Does the definition of tensor include basis? From my understanding, a vector is a geometric object, which can be expressed as
$$ v = v_i e^i $$
where $v_i$ and $e^i$ are components and basis, respectively. 
It seems to me that many people, e.g. in wikipedia https://en.wikipedia.org/wiki/Tensor#Definition
regard tensor as its component, e.g.
$$T_{i_1...i_n}^{j_1 ... j_n}$$
After all, is the tensor defined as the component,
$$T_{i_1...i_n}^{j_1 ... j_n}$$
or including basis?
$$T = T_{i_1...i_n}^{j_1 ... j_n} e^{i_1...i_n}_{j_1 ... j_n}  $$
 A: Given any $\mathbb{R}$-vector space $V$ and its dual space $V^\ast$, a tensor of rank $(k,l)$ is a map
$$ T :  V\times\dots V\times V^\ast\times\dots\times V^\ast \to \mathbb{R}\tag{1}$$
where $V$ occurs $k$ times and $V^\ast$ occurs $l$ times, that is linear in each argument.

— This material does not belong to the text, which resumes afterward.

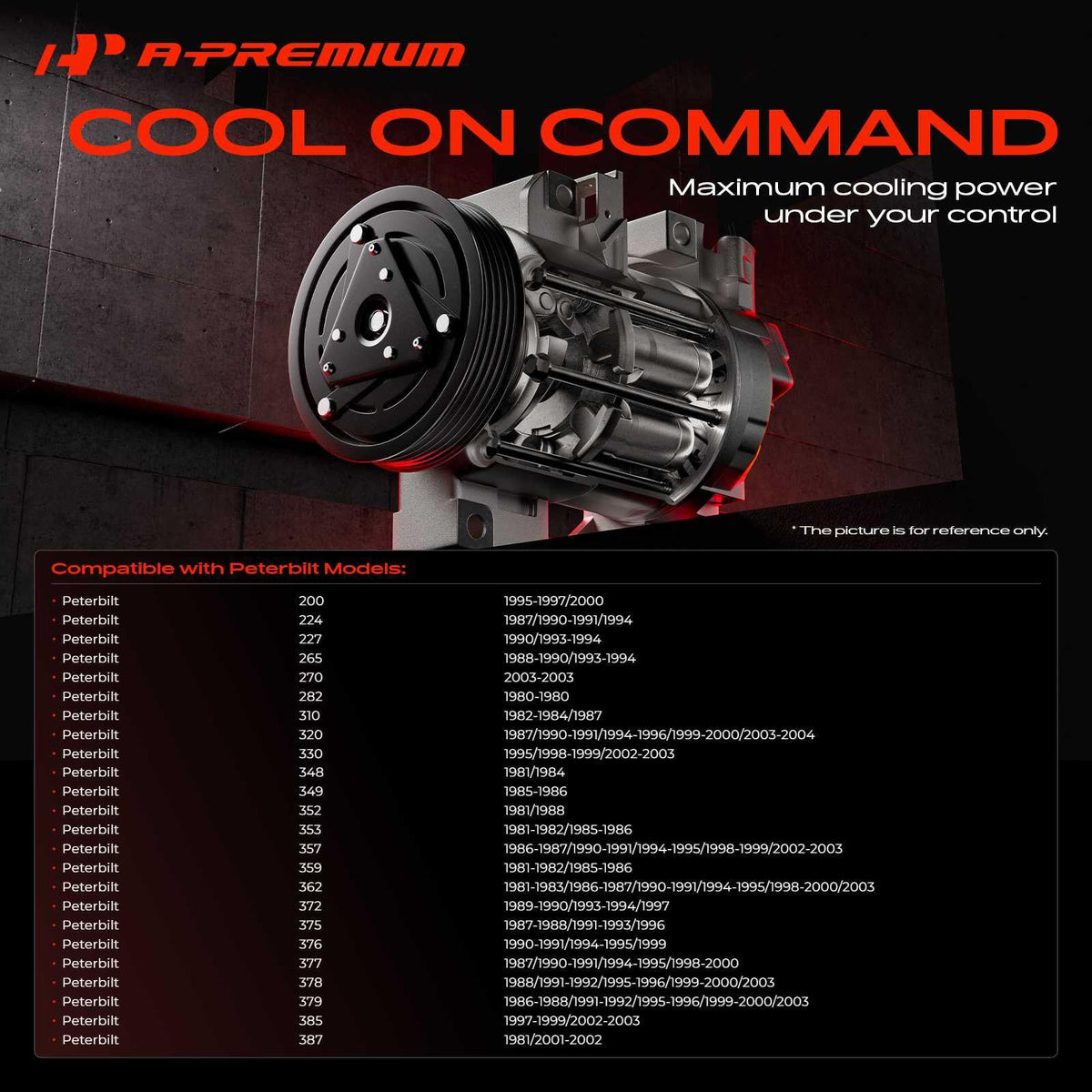 A-Premium six-groove pulley detail ensuring correct belt engagement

Equivalently, it is an element of the tensor product $V^\ast\otimes\dots\otimes V^\ast\otimes V\otimes\dots\otimes V$.
Now, if we choose a basis $e_i$ for $V$ and the corresponding dual basis $e^i$ of $V^\ast$ defined by $e^i(e_j) = \delta^i_j$, the components of the tensor are obtained as
$$ {T_{i_1\dots i_k}}^{j_1\dots j_l} := T(e_{i_1},\dots,e_{i_k},e^{j_1},\dots,e^{j_l})\tag{2}$$
If we think of the tensor as an element of the tensor product, then the tensor product has a natural basis in the tensors $e^{i_1}\otimes\dots\otimes e^{i_k}\otimes e_{j_1}\otimes\dots\otimes e_{j_l}$ and the full tensor $T$ is described by
$$ T = {T_{i_1\dots i_k}}^{j_1\dots j_l}\left(e^{i_1}\otimes\dots\otimes e^{i_k}\otimes e_{j_1}\otimes\dots\otimes e_{j_l}\right)\tag{3}$$
with a sum over all indices on the r.h.s. implied. That both of these descriptions of the tensor are equivalent follows directly from using the dual relations $e^i(e_j) = e_j(e^i) = \delta^i_j$.

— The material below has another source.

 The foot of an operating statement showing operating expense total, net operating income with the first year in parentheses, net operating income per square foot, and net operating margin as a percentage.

It does not matter whether a tensor is defined "in components" as in $(2)$, as an abstract map as in $(1)$ or as the sum of basic tensors as in $(3)$. All these notions are equivalent.
A: This isn't really a physics question, but while it stays up I can give a quick response:
Your are correct that a tensor is often defined in terms of its coordinate transformations, but this is not the only or most modern definition. Here is a coordinate-free definition:
A tensor of type (r,s) on a vector space $V$ and its dual $V^*$ is a complex-valued function on
$V_1\times V_2 \times ...V_r \times V^*_1 \times V^*_2 \times ... V^*_s$
(where $V_i$ are just numbered copies of the same vector space and likewise for $V^{*}_i$) that is linear in each argument.
Here $r+s$ is the rank of the tensor.
When you have an inner product, this formalizes the way that Einstein summation naturally suggests you think about tensors: a tensor of rank $n$ is an object that, when 'fed' $n$ vectors, spits out a scalar. The transformation properties can also be derived from this definition quite directly.
This definition is taken from the book An Introduction to Tensors and Group Theory for Physicists, which can offer much more elaboration on what this means.